Update 9/21/14: It appears OneVanilla cards can again be used to purchase money orders and load Bluebird at Walmart.
Recently, word got out that Walmart no longer accepted Vanilla Visa gift cards for Bluebird reloads or money order purchases. Several readers have been emailing me about how to unload their Vanilla Visa and American Express gift cards now that a major manufactured spending source has been eliminated. I covered what to do in this scenario a few months back, but with so many new readers I realize some folks must have missed it. In the previous post, I listed the following alternatives for unloading Visa gift cards:
- Unload the balance onto American Express for Target
- Buy money orders elsewhere (grocery store, US post office)

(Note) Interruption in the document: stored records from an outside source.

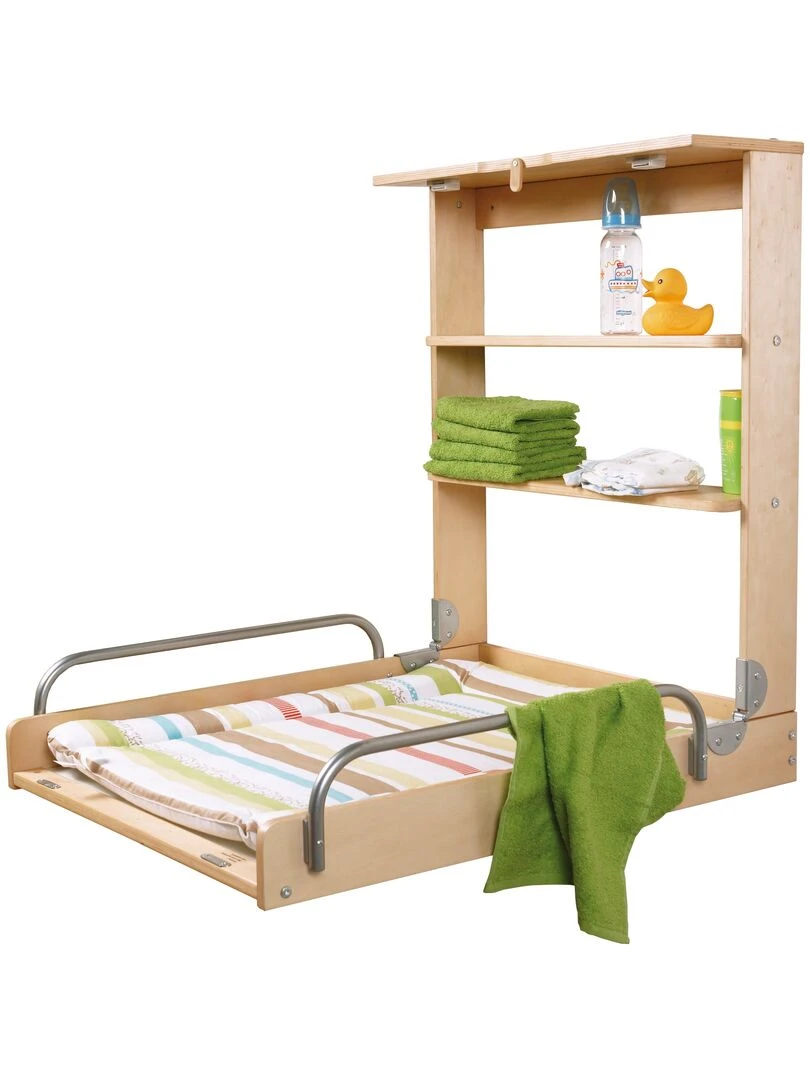 ROBA Table À Langer Murale + Matelas À Langer "Dschungelbaby"   Naturel   Marron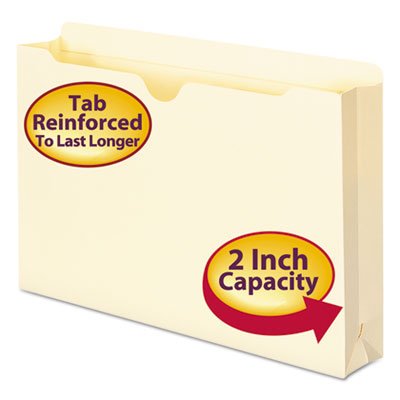 Smead Manila File Jackets, 2-Ply Top, 2" Exp, Legal, 11 Point, Manila, 50/Box SMD76560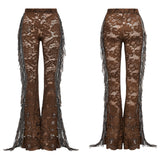 Durchsichtige, ausgestellte Hose aus Spitze im Gothic-Stil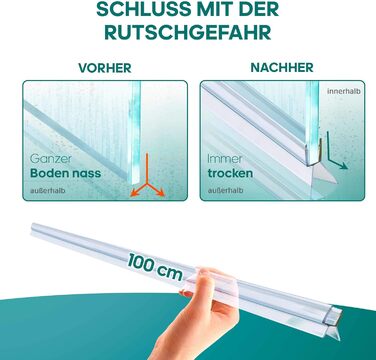 Душовий ущільнювач Meisterfaktur 2 шт. - Розширений дефлектор води - Ідеальне ущільнення для скляних дверей 6,7,8 мм у душових кабінах (6-8 мм (прозорий))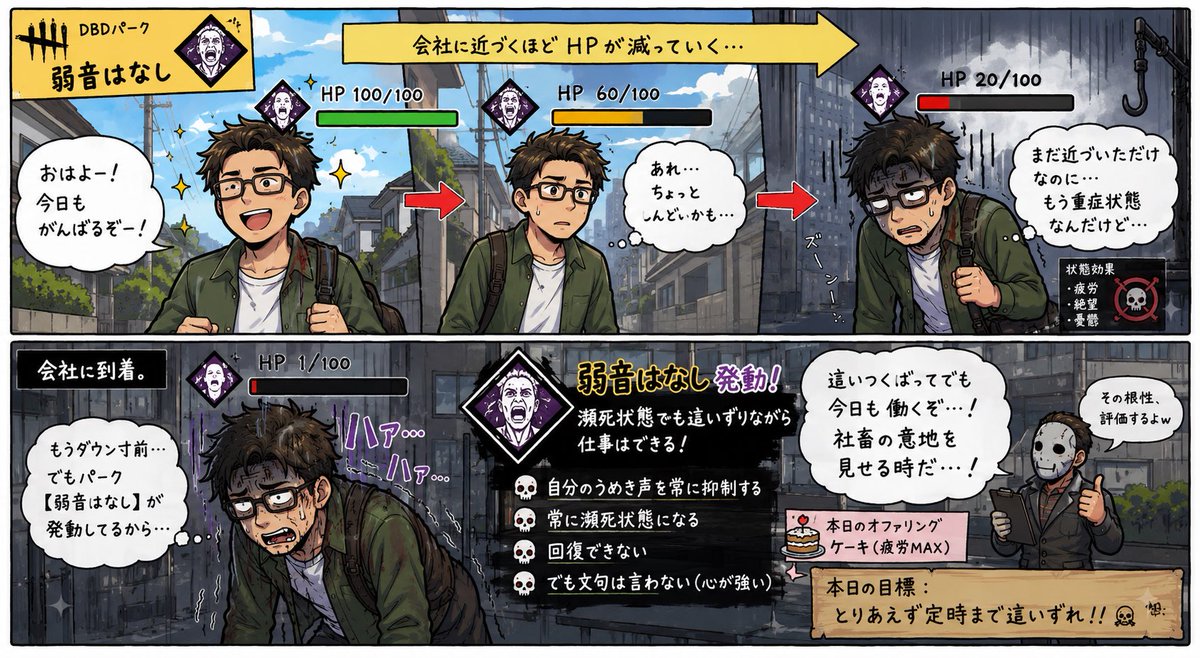 _ginsyake's tweet photo. おはよー。

家を出た瞬間は元気なのに、
会社に近づくほどHPが減っていく…。

会社の最寄り駅に着いた瞬間、
勝手に「弱音はナシだ」が発動。

負傷状態のまま出勤してる気しかしない😂

#月曜日#おはよう#dbd https://t.co/zEo01TWN1c
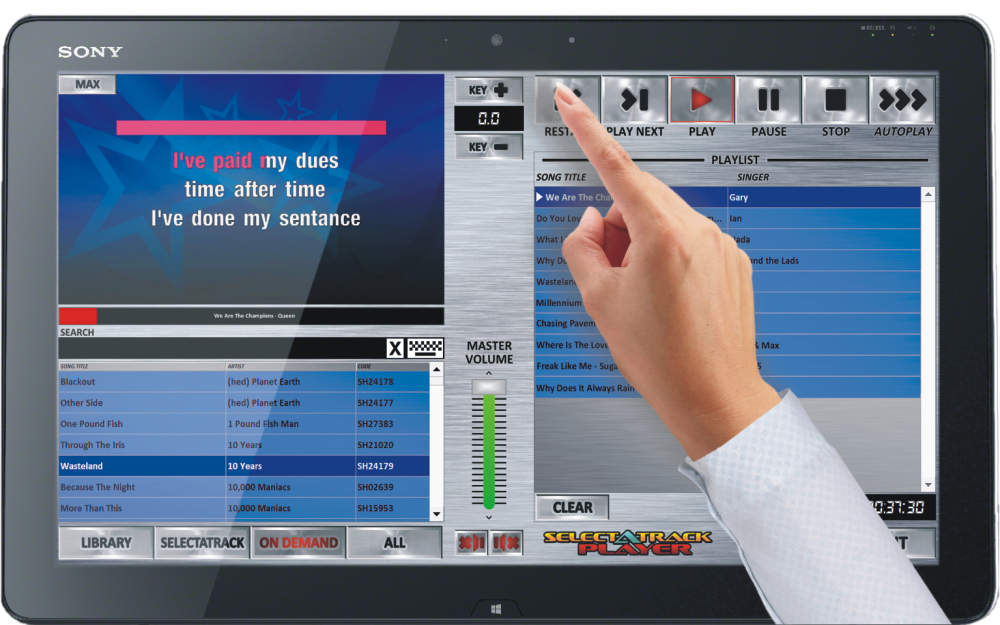 Selectatrack Player - Portable Touchscreen Karaoke System with Wireless Microphones for Home Parties & Professional Use | Perfect for Birthday Celebrations, Family Gatherings & Entertainment Events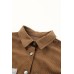 Khaki Aztec Pattern Corduroy Shacket
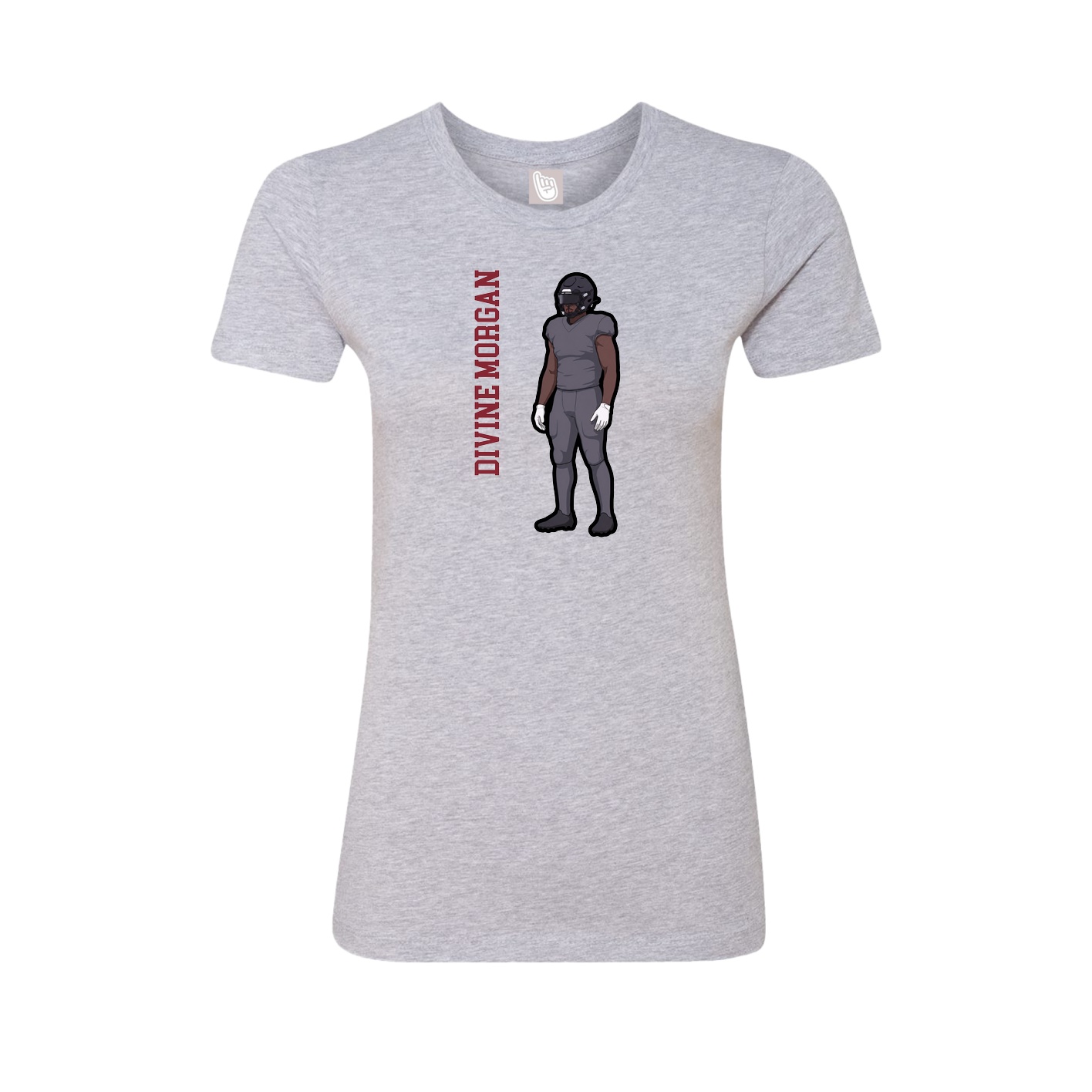 Fitted Women's Tee — Name Vertical in Grey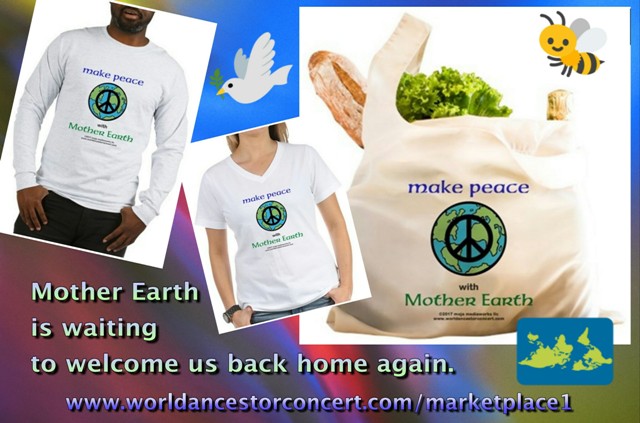 Composite image of 3 products with the "Make Peace with Mother Earth" product design message (men's long sleeve and women's short sleeve t-shirts and reusable fabric shopping bag) on multicolor background with a global map and bee graphic, promotional text reads: "Mother Earth is waiting to welcome us back home again." along with the Online Store web portal page link in gradated lavender at bottom of page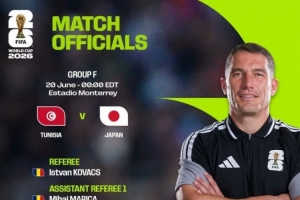 FIFA：世界杯F组第二轮，突尼斯对阵日本，罗马尼亚裁判团队担任主裁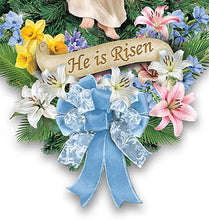 Load image into Gallery viewer, The Bradford Exchange Thomas Kinkade He Is Risen Illuminated Easter Wreath Teardrop-Shaped Christian Wall Décor with LED Lights, Jesus Figure, Floral Accents &amp; 24-Hour Timer 18-inches
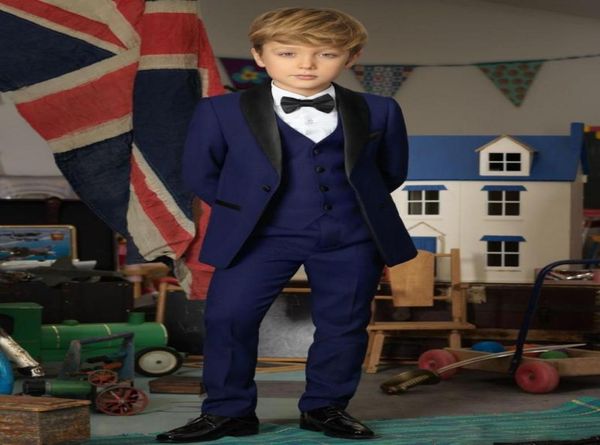 Trois pièces de mariage garçon Tuxedos col châle un bouton garçon vêtements de cérémonie costume pour enfants pour la fête de bal bleu marine costume pour adolescents sur mesure 4137281
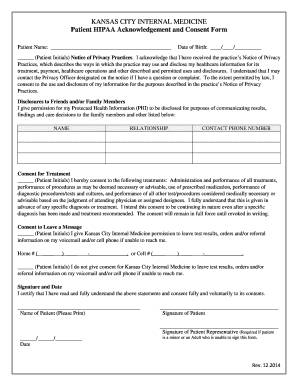 Patient HIPAA Acknowledgement and Consent Form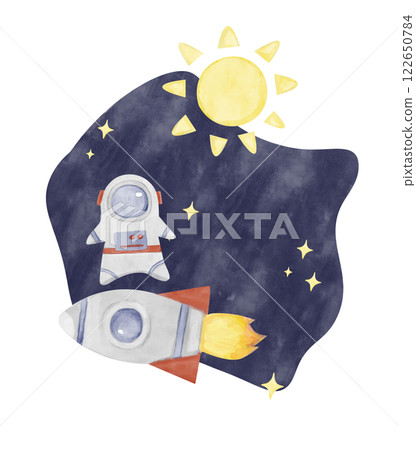 Watercolor Illustration Space with Rocket, Astronaut, Stars, Sun on Blue Backdrop, for Print, Textile, Postcards, Web	 122650784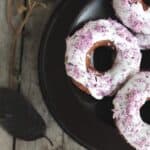 Chocolate Cake Doughnuts with Marshmallow Fluff and Shredded Coconut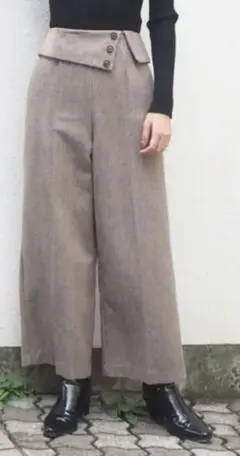 ムルーア MURUA ワイドパンツ S ブラウン　ヘリンボーン柄　美品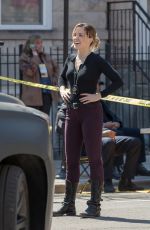 SOPHIA BUSH on the Set of Chicago PD in Chicago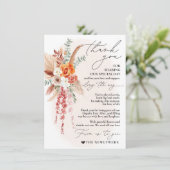 Boho Minimalistisch Napkin Dankeschön-Karte Menükarte (Stehend Vorderseite)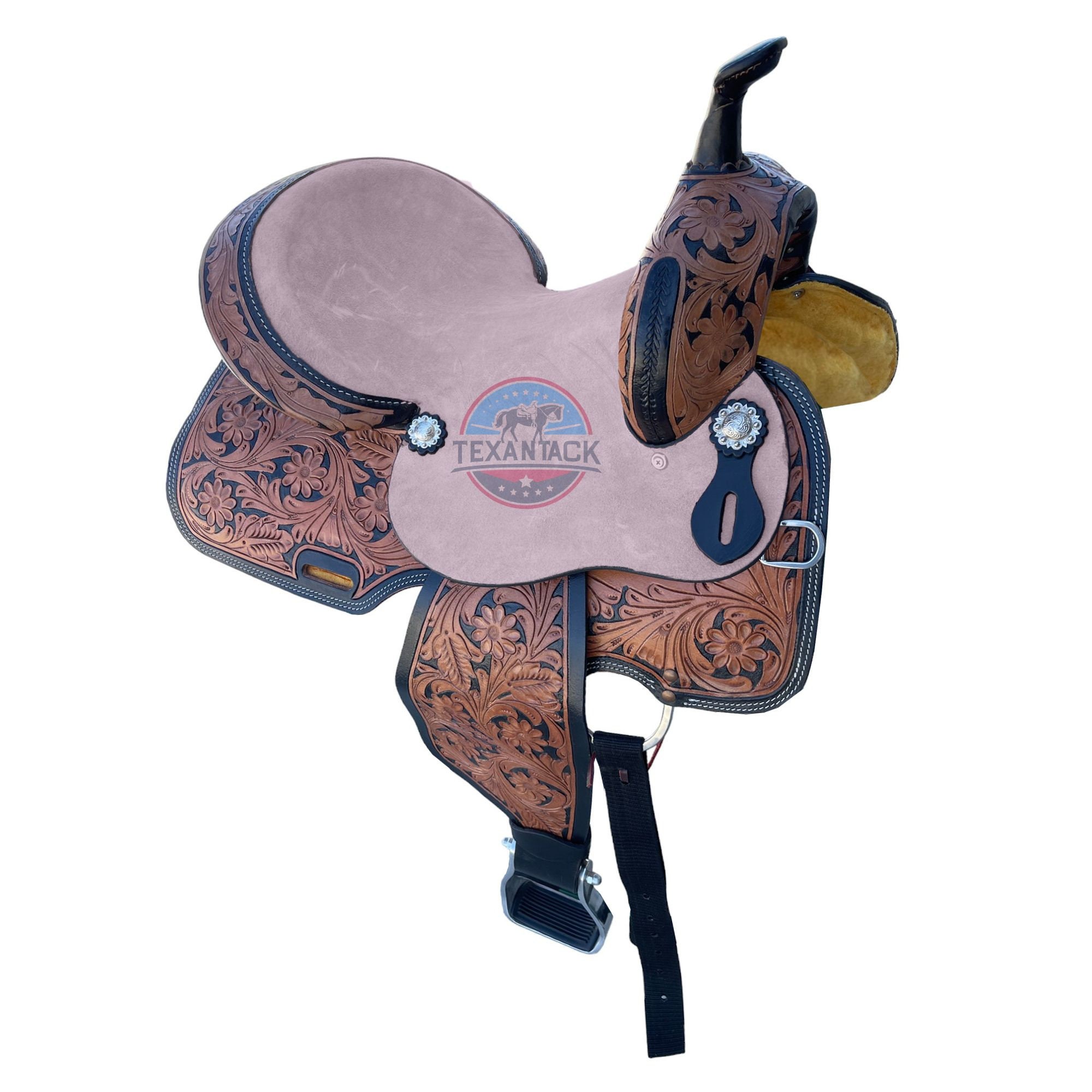 CSSB14 Chestnut Floral Tooled Barrel Saddle main image 1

- Unload your gift cards via Amazon Payments
- Use Evolve Money to pay your mortgage and household bills
- Get an American Express Serve card
All of these are still valid options for those who are stuck with Vanilla Visa gift cards, in addition to the following:
1. Mastercard and Visa gift cards. You may be able to use your Visa gift cards to buy Mastercard and non-Vanilla branded Visa gift cards, depending on the store policy. This is less than ideal, since Mastercard gift cards have higher fees, but certainly an option if it’s your last resort. If you pick these cards up at your local grocery store, simply use the Visa gift cards with the PIN as a debit card and the cashier won’t ask for your ID.
2. Buy Greendot Money Paks. In my early manufactured spending days, some Riteaid stores were selling Greendot Moneypaks with $0 fees. I found one in downtown Oakland, which only accepted debit cards. Since Vanilla Visa cards are PIN enabled, you could buy Greendot Money Paks and either use the funds to pay a participating merchant or load them onto your Paypal account, then transfer the balance to your bank account. Do this in moderation, since Paypal is known for shutting people’s accounts down arbitrarily, and taking months to return the funds to the accountholder. Anyway, this deal is worth looking out for at your local Riteaid.
3. Vanilla Reload Cards. The Vanilla Reload bubble burst just a few months ago with news that CVS would stop accepting credit cards for VR purchases. Since then, I come across an Albertson’s and Safeway store that accepted debit cards for Vanilla Reload cards. At $3.95 per $500 card, that’s not a bad way to unload your Vanilla Visa gift cards. The best part? You can liquidate them from the comfort of your home.
Future Manufactured Spending Options
Once you’ve unloaded your existing gift cards, you may wonder how to proceed now that the demise of Bluebird loads via Vanilla Visa gift cards has put a roadblock in the process of liquidating American Express gift cards. Here are a few ways you can continue your manufactured spending activities:
1. Simon Mall gift cards. I’ve covered this before as a better alternative to Vanilla Reloads. Simon Malls sell PIN-enabled Visa gift cards in increments of up to $500 for a $2.95 fee. At some malls, you can set up a business account, which will enable you to buy gift cards in $1,000 increments for the same $2.95 fee and in larger quantities.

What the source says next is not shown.